Figure 5. TEM analysis of tapetal and pollen development in ashh2 and wt.

(A) Early Ring Stage with free microspores (M) in wt. Note the endothecium (E), tapetum (T) and intact middle cell layer (mc). (B) Pollen Mitosis I to Pollen Mitosis II in wt, degeneration of the middle cell layer has occurred. Note exine (ex) with visible defined bacula. (C) Immediately prior to dehiscence in the wt. Tapetal degeneration and deposition of pollen coat has occurred and endothecium (E) secondary thickening is visible. (D) Early Ring Stage in the ashh2-1 mutant displaying abnormal tapetal (T) enlargement. (E) Pollen Mitosis I to Pollen Mitosis II of ashh2-1 disclosing abnormal accumulations of lipid-like material in membrane bound vesicles (arrows) within the tapetal cells (T). Note that normal tapetal degeneration fails to occur and that the tapetal membrane is clearly visible (arrowhead). (F) Prior to dehiscence in the ashh2-1 mutant, normal endothecium secondary thickening (st) and thinning of the stomium (S) is seen. However the tapetal cells (T) are still present and release of the globular material previously visible (Figure 6E) has not occurred, suggesting that tapetal development is impaired and delayed. (G and J) Pollen Mitosis I to Pollen Mitosis II in the ashh2-2 mutant, note secondary thickening (st) of the endothecium and that degeneration of the middle cell layer has occurred. Exine formation (ex) with well-defined bacula is visible, however, the tapetum (T) appears enlarged with an abnormal accumulation of wall materials. (H and K) As pollen mitosis progresses in ashh2-2 abnormal deposition of pollen wall material is evident (arrow), resulting in agglutination of the immature pollen grains. In some cases a deficiency of the exine sculpturing is observed (arrowheads). (I and L) Prior to dehiscence in ashh2-2 normal breakdown of the stomium occurs, however abnormal pollen wall development is observed (arrow), resulting in some cases in extreme malformation of the pollen wall (L). Bars in A, H: 10 µm; C, D, E, G, L: 5 µm; B, J, K: 2 µm; F, I: 20 µm.

Figure 6. Changes in gene expression and histone tail methylation in the ashh2-1 mutant.

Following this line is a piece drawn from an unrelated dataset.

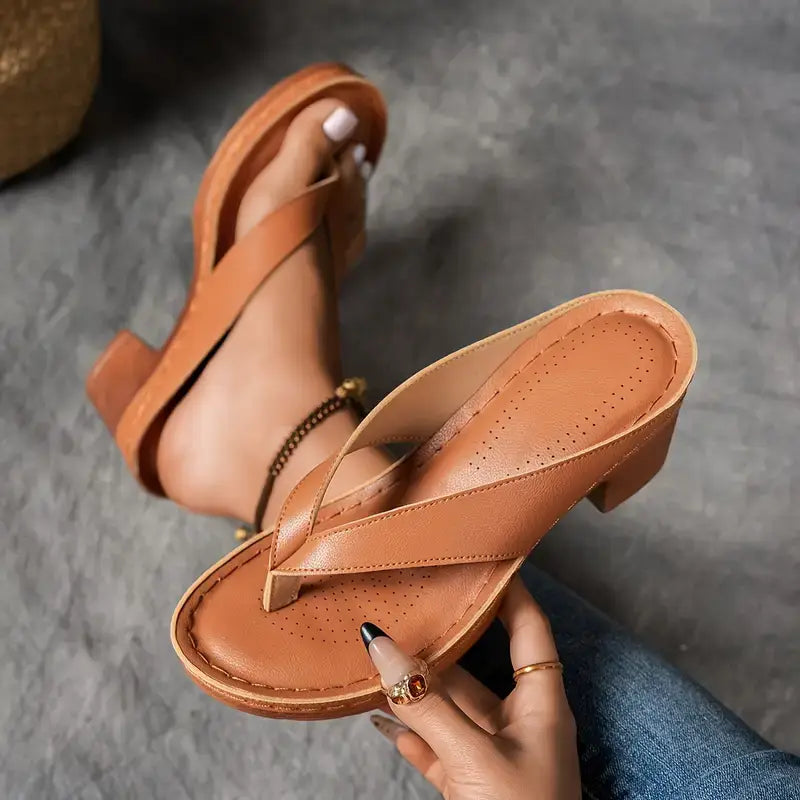 Clara | Dame Elegant Lav Hæl Flip Flop Sandaler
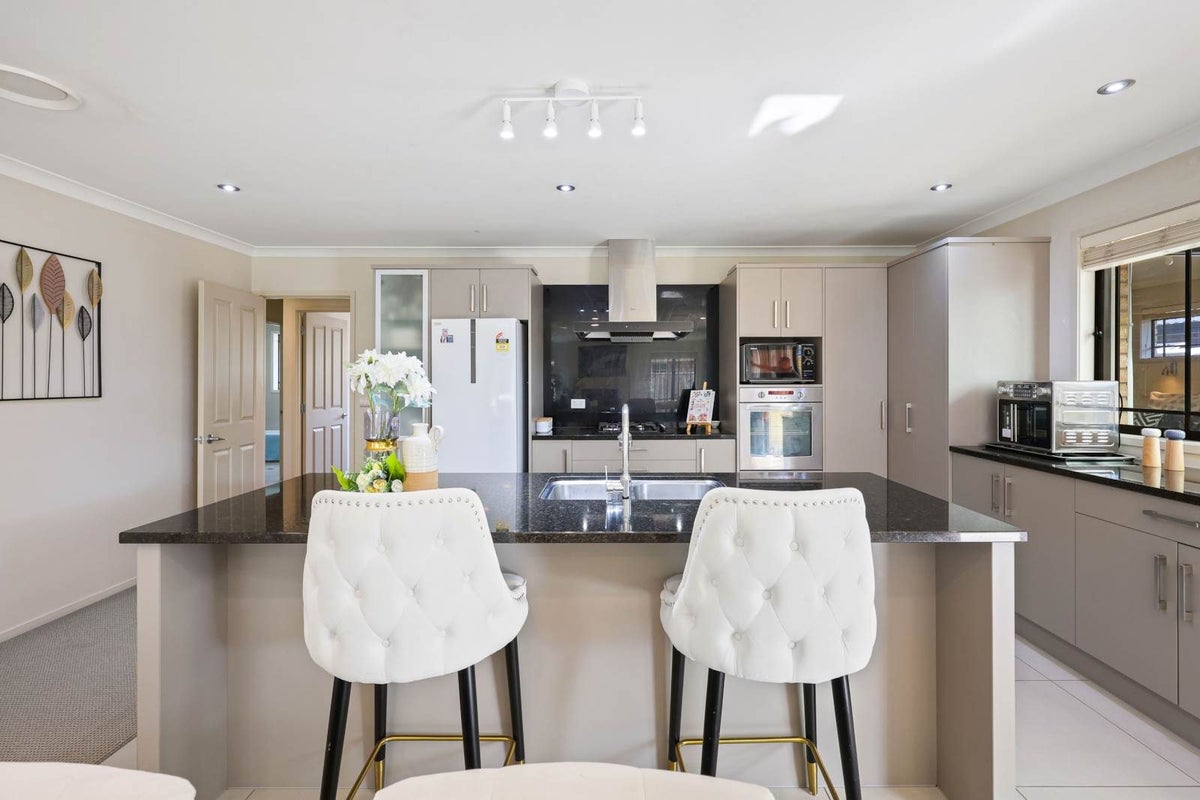 16 Erceg Way, Rosehill, Papakura - Carousel 2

(A) Functional GO annotation of genes differentially expressed in ashh2-1 inflorescences relative to wt. The inserts depict the developmental stage of the main inflorescences used in the microarray experiment. (B) Number of co-down-regulated genes in the ashh2-1 mutant (>1.6-fold change), ms1 mutant (>2-fold change) and spl/ems-1 mutant (>1.6-fold change). (C) Confirmation of down-regulation of selected genes using real-time reverse transcriptase PCR. Wt levels were set to 1. (D) Gene structures of AtDMC1, AP1 and MYB99. Boxes indicate exons, thin lines introns. The positions of the fragments tested in the ChIP analyses are shown as red lines. (E) Representative results of ChIP analyses on the selected down-regulated genes shown in (D) using antibodies against H3K4me3, H3K36me2 and H3K4me3. Ta3 was used as a control. IN – input; –ab – without antibodies.